What you will do => Reproduce exactly the lines from the one that holds "8 Marla House Ideally Situated In Divine Gardens 8" through the last line of the entries, both ends included, but not the pictures.

Study material =>

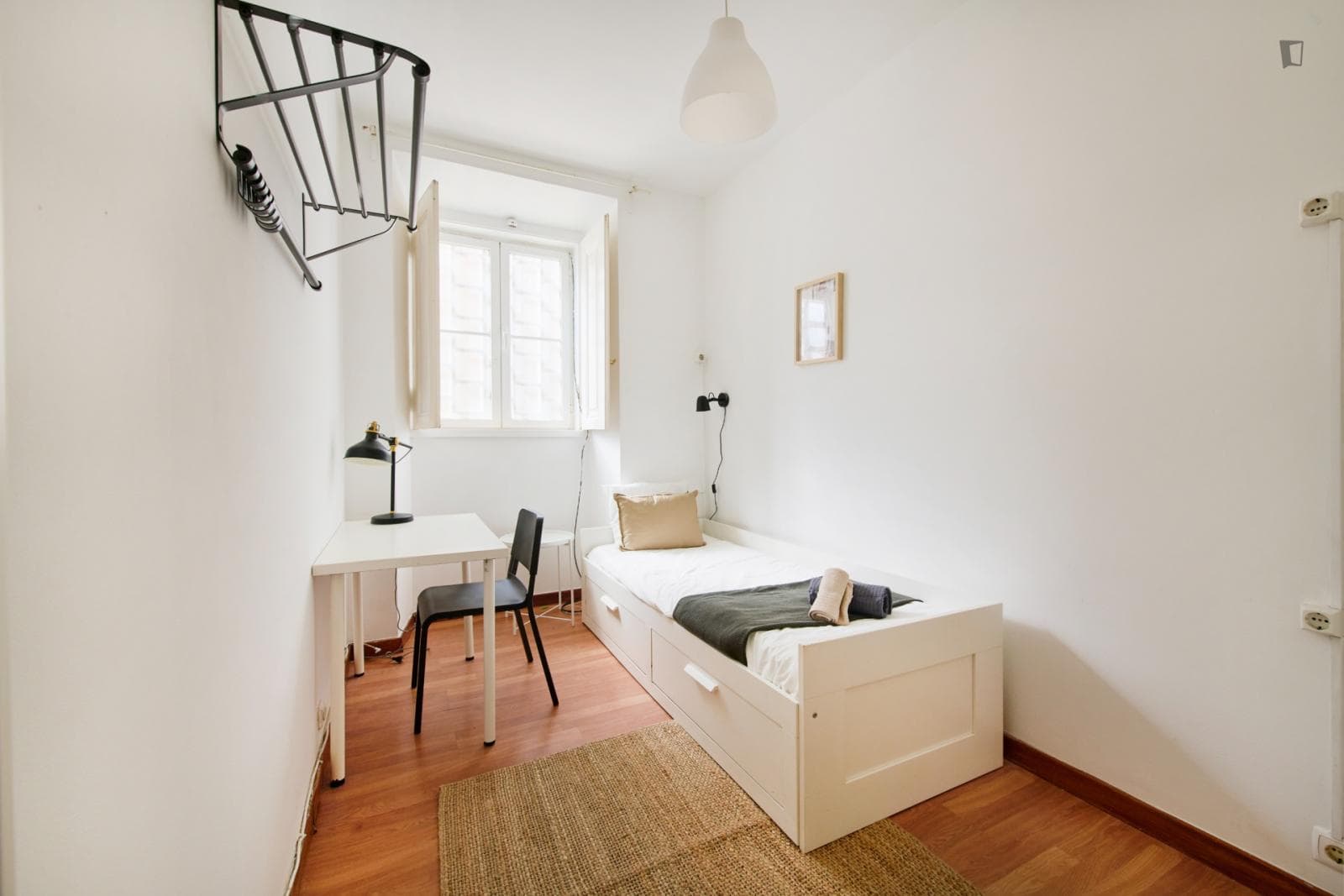 Comfy single bedroom in student-popular Arroios photo 1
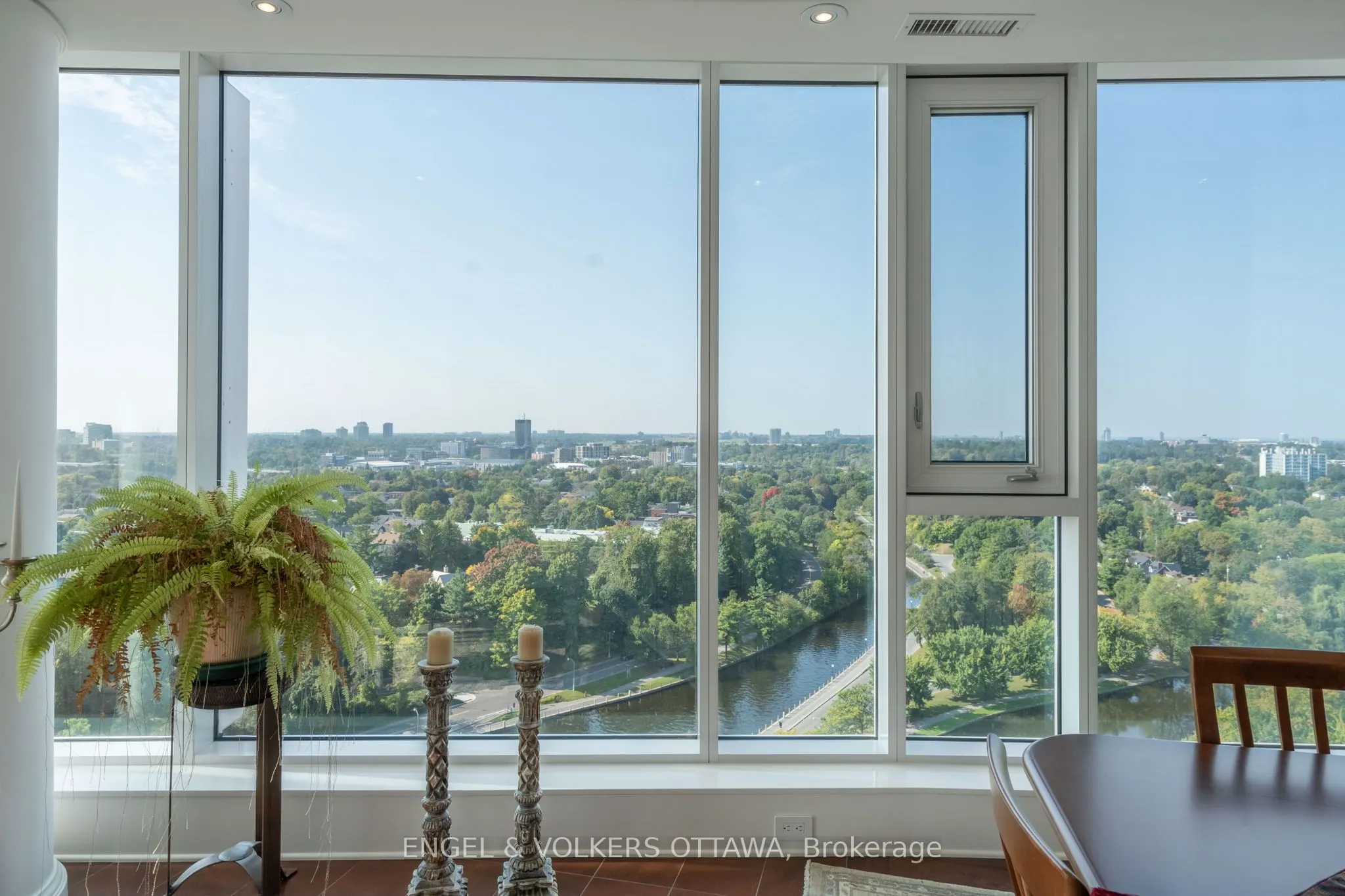 1035 BANK Street, #1801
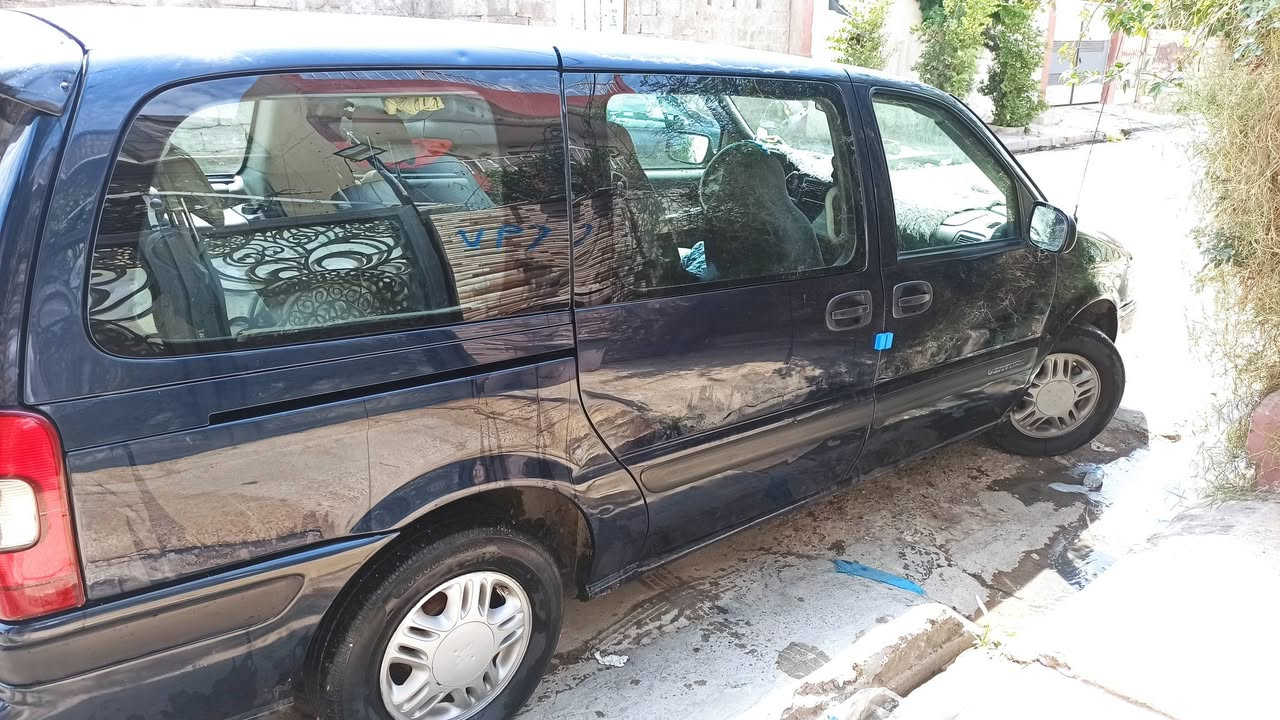 السلام عليكم ، شوفرليت فونجر (7) راكب موديل (2004) محرك شرط كير اوتوماتيك) تبريد شغال ثلاث قطع 
( بيها كابون بانزين الجديد) بدون حادث او ضرر ، طخم تاير جديد السيارة نظيفة ما ناقصها شي ،  شرط تحويل السعر (60) وبيها مجال بسيط العنوان موصل الجانب الايسر اللاستفسار اكثر الاتصال 
‏‪0773 102 6106‬‏
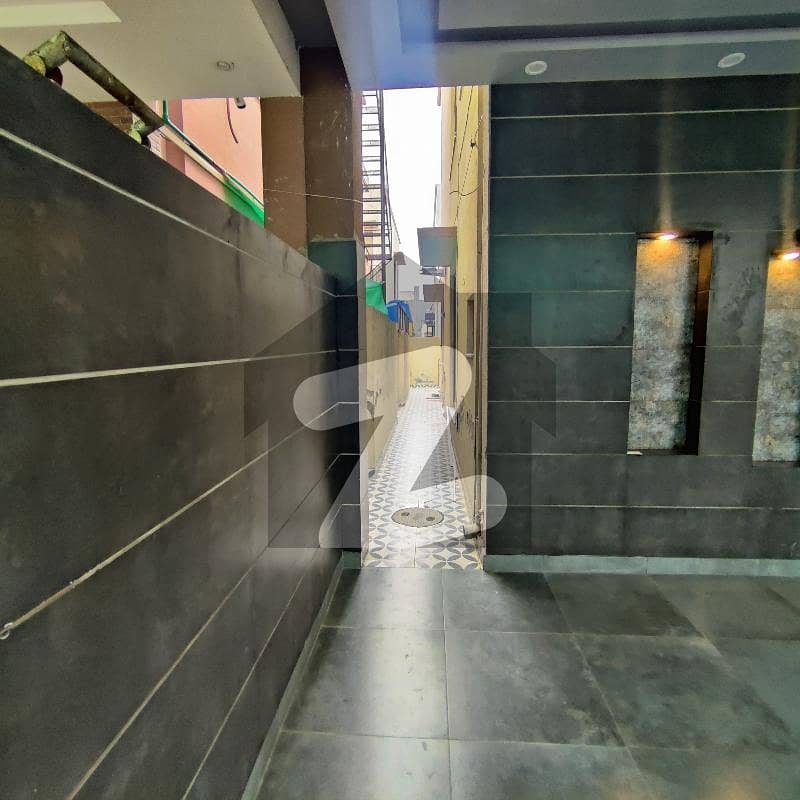 8 Marla House Ideally Situated In Divine Gardens 8 Marla House Ideally Situated In Divine Gardens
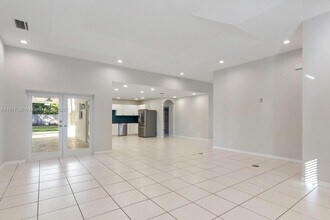 8365 SW 131st St in Pinecrest, FL - Building Photo - Building Photo
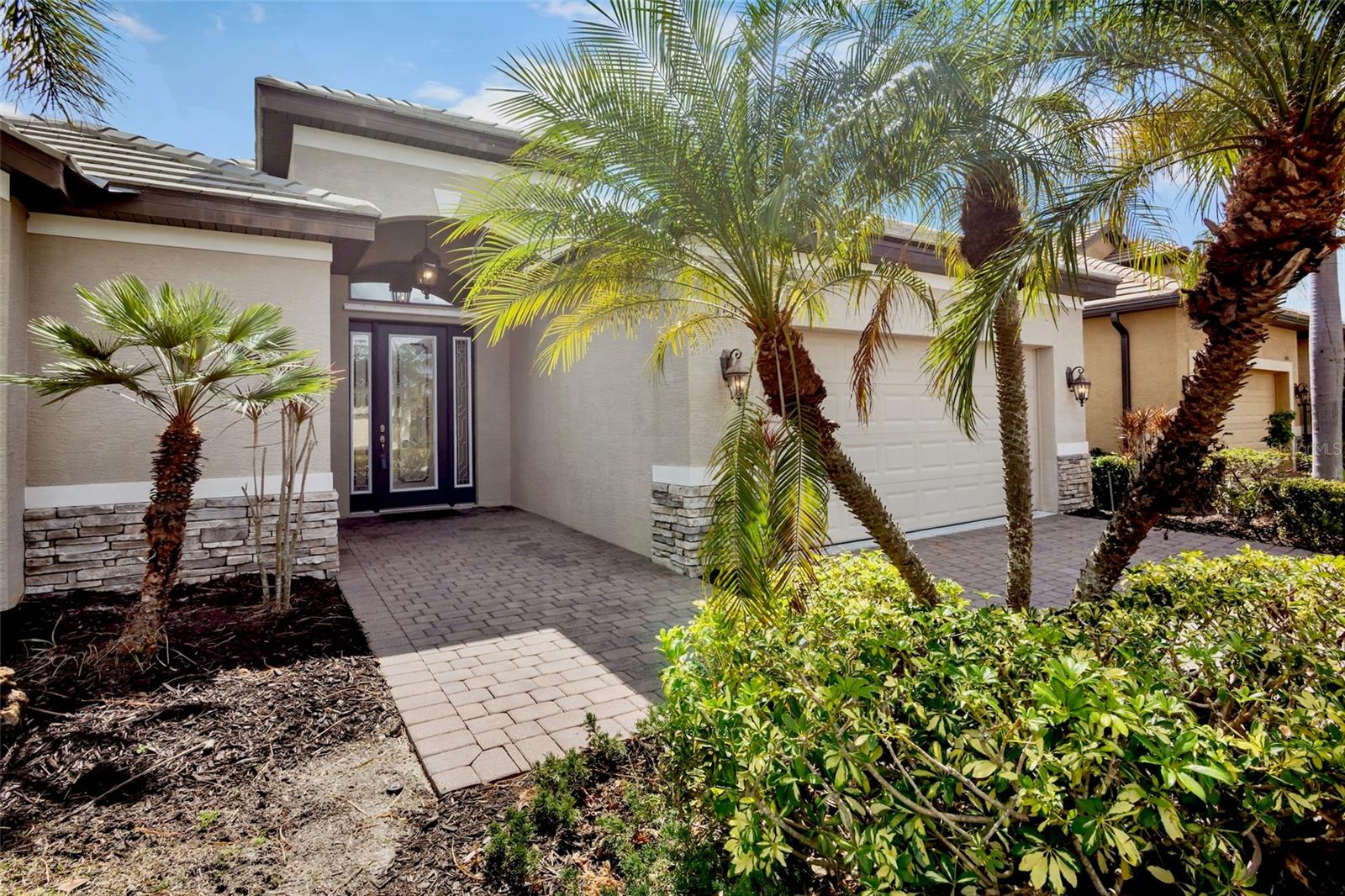 RIVA TRACE - Residential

Output of the exercise =>
 8 Marla House Ideally Situated In Divine Gardens 8 Marla House Ideally Situated In Divine Gardens
 8365 SW 131st St in Pinecrest, FL - Building Photo - Building Photo
 RIVA TRACE - Residential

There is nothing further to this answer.